Required work
Start at the line containing "Greg - Apricot" and transcribe every line exactly through the end of the records below, and only those lines.

(Data extracted from a collection)

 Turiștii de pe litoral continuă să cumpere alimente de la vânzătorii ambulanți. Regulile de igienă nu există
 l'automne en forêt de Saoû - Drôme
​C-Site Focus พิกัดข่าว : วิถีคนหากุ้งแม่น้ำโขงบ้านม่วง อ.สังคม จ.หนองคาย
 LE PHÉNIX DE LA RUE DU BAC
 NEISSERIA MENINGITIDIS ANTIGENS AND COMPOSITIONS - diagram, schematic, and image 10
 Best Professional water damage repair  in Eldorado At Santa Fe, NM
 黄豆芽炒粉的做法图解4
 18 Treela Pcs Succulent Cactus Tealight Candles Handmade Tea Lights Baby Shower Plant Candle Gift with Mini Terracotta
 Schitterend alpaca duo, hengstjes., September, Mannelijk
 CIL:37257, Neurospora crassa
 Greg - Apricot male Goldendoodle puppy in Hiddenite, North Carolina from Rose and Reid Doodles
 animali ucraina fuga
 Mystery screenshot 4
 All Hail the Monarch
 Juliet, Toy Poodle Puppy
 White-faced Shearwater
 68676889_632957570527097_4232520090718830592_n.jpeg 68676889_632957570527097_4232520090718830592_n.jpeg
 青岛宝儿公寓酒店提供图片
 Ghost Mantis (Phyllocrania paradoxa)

Task result
 Greg - Apricot male Goldendoodle puppy in Hiddenite, North Carolina from Rose and Reid Doodles
 animali ucraina fuga
 Mystery screenshot 4
 All Hail the Monarch
 Juliet, Toy Poodle Puppy
 White-faced Shearwater
 68676889_632957570527097_4232520090718830592_n.jpeg 68676889_632957570527097_4232520090718830592_n.jpeg
 青岛宝儿公寓酒店提供图片
 Ghost Mantis (Phyllocrania paradoxa)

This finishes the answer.